_WORK REQUIRED_.
Where a line in the listing below contains the word "Mini", copy that line.

_DATA_.
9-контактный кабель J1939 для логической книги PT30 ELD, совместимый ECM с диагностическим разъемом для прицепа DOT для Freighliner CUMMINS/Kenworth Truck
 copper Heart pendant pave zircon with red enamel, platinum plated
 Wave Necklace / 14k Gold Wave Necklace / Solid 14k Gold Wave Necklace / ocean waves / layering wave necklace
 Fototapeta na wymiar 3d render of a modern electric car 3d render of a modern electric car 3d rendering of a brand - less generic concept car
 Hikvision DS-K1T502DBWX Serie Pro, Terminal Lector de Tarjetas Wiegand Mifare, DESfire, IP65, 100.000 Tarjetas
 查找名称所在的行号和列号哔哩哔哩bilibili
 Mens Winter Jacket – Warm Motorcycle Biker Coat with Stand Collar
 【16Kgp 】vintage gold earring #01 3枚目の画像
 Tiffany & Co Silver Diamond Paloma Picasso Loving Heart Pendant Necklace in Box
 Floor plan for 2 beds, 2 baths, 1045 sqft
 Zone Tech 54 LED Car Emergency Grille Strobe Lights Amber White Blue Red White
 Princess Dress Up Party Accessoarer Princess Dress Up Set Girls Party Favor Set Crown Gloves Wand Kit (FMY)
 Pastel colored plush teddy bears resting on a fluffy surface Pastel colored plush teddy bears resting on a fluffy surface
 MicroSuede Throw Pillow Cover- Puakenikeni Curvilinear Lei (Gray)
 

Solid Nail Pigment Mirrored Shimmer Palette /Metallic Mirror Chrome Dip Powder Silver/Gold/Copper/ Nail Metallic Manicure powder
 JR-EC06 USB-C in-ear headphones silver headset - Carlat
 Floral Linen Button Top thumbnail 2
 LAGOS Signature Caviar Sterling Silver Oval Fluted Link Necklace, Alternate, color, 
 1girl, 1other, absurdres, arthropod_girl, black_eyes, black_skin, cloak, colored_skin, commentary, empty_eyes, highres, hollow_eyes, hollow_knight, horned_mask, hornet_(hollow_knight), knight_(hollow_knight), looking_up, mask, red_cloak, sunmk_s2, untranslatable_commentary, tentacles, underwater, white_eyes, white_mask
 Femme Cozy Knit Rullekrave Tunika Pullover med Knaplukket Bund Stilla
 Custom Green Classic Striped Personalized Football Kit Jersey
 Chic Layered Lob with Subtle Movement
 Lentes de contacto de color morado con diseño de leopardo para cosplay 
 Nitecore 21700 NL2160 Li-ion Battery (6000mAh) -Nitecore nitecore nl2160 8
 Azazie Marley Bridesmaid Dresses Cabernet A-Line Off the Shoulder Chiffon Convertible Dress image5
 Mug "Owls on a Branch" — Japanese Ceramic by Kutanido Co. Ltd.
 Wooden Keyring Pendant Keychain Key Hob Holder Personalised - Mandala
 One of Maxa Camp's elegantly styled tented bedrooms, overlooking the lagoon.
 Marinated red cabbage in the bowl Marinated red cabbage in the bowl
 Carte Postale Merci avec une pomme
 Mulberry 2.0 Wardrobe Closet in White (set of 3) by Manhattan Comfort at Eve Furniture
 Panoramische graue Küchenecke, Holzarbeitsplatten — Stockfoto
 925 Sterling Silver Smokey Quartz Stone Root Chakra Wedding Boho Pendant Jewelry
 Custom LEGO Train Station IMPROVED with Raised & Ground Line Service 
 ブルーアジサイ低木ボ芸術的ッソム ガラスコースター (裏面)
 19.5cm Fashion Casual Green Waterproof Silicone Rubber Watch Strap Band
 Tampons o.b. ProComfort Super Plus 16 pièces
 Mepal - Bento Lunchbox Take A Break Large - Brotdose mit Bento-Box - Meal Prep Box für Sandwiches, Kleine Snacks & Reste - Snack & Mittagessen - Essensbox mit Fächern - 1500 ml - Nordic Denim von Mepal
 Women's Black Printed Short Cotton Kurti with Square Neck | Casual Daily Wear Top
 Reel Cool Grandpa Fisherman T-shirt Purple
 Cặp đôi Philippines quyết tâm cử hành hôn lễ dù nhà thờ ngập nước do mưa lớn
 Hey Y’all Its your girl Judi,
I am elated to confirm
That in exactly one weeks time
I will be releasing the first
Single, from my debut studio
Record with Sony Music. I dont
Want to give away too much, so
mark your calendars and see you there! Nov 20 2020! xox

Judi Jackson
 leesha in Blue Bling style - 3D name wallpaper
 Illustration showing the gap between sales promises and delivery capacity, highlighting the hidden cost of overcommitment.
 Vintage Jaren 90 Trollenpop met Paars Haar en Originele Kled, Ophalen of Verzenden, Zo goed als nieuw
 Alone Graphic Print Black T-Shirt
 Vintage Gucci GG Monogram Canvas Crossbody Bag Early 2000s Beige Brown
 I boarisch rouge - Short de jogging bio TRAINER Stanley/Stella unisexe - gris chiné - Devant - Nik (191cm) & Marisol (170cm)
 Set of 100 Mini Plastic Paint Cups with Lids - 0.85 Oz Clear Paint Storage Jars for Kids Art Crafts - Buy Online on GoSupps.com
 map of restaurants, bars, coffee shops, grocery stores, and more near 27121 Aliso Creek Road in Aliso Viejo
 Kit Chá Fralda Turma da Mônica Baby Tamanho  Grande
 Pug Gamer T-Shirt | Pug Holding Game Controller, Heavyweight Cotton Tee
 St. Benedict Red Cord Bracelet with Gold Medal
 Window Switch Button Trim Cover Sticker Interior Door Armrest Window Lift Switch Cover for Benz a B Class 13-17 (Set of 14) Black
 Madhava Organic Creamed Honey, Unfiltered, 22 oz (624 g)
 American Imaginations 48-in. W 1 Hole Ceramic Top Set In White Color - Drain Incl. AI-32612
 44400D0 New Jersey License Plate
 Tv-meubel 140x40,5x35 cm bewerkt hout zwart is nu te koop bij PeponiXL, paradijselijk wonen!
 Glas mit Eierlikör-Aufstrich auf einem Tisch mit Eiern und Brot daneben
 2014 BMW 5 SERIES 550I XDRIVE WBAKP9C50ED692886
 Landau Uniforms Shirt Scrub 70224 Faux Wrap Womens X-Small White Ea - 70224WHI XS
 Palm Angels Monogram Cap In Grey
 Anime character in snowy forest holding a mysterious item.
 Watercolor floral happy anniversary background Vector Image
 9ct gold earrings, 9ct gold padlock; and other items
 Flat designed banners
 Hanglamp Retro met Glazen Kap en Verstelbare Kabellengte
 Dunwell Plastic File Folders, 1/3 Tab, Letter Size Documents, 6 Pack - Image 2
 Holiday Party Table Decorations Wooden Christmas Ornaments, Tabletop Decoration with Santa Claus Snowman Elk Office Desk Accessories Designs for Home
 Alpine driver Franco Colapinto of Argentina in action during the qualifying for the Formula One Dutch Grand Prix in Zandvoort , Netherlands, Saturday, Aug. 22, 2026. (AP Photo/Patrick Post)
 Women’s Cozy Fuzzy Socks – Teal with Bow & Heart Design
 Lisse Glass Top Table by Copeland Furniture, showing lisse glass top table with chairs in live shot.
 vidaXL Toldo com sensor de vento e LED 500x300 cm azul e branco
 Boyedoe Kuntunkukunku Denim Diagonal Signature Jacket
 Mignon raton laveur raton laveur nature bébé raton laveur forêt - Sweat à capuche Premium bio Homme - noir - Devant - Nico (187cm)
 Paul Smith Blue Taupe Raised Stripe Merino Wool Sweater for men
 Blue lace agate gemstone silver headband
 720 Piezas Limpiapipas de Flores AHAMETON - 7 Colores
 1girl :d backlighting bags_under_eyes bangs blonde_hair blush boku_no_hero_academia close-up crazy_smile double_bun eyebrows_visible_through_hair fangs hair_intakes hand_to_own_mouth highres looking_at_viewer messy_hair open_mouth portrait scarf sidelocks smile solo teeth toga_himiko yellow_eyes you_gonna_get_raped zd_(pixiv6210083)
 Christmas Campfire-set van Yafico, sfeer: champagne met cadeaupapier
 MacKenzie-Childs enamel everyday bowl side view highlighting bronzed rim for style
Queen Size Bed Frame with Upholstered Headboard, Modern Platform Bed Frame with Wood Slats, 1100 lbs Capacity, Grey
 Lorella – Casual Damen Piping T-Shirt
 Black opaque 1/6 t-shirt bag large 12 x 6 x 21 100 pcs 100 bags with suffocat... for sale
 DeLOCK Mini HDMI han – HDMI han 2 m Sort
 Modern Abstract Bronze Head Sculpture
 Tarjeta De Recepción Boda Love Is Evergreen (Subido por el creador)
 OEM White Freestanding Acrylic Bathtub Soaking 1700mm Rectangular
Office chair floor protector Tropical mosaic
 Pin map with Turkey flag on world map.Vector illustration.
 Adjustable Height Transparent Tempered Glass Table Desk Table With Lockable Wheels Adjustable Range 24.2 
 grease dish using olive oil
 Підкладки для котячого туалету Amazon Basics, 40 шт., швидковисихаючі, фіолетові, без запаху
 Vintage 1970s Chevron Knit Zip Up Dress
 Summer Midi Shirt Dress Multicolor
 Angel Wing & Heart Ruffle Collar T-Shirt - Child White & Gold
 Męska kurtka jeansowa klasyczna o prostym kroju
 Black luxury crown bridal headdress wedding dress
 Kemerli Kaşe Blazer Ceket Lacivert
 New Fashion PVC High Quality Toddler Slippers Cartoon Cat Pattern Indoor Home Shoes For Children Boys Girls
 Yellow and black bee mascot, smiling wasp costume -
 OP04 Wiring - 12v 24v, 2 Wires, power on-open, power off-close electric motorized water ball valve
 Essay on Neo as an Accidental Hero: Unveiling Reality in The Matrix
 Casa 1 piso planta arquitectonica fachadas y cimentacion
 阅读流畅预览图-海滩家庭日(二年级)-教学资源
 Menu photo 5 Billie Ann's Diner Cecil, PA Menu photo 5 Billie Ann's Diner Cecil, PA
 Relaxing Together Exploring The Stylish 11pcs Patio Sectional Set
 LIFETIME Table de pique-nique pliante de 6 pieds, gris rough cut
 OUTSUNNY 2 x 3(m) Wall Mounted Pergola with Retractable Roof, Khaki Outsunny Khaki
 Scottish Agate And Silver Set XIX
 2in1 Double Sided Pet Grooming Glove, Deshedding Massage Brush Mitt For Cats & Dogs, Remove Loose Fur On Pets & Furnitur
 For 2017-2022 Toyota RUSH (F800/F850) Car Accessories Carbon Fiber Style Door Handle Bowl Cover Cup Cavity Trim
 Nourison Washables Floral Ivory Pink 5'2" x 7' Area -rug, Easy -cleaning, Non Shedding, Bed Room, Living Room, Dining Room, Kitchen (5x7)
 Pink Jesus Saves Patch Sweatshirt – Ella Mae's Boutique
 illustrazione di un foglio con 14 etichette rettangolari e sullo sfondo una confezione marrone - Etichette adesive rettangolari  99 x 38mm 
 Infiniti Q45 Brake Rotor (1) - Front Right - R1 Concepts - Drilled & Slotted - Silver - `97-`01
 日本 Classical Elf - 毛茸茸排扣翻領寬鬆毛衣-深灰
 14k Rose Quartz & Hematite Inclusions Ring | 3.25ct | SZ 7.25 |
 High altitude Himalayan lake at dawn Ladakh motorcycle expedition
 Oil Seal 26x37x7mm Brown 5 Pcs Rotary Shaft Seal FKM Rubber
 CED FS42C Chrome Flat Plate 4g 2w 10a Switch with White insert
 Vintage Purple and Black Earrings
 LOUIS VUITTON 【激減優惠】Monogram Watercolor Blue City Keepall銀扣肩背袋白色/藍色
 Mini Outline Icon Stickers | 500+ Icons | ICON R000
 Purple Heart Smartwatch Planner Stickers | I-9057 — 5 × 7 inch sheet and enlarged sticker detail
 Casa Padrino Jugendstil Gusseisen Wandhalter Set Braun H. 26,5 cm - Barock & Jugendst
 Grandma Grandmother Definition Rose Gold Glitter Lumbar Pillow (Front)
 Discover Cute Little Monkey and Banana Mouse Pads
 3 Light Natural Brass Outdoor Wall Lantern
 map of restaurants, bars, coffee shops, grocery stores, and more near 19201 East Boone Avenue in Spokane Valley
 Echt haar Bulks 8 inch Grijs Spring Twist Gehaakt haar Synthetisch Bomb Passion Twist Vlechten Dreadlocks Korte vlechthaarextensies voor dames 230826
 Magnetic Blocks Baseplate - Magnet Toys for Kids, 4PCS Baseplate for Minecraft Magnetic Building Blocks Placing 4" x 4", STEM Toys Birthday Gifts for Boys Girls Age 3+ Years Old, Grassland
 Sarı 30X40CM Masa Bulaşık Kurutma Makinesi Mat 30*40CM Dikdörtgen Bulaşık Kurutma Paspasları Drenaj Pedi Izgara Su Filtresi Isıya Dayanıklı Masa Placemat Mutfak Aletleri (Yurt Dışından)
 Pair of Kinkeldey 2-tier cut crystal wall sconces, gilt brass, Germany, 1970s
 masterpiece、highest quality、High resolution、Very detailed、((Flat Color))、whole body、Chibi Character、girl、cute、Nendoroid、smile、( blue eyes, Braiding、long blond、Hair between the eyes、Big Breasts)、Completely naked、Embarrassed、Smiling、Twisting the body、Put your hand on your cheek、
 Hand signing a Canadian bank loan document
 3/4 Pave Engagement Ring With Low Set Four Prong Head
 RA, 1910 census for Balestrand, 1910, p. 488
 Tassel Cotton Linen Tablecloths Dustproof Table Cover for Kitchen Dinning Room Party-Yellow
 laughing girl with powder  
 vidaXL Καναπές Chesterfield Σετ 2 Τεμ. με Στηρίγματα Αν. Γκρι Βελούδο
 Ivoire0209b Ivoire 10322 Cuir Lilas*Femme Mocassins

_SOLVED EXERCISE_.
 Set of 100 Mini Plastic Paint Cups with Lids - 0.85 Oz Clear Paint Storage Jars for Kids Art Crafts - Buy Online on GoSupps.com
 DeLOCK Mini HDMI han – HDMI han 2 m Sort
 Mini Outline Icon Stickers | 500+ Icons | ICON R000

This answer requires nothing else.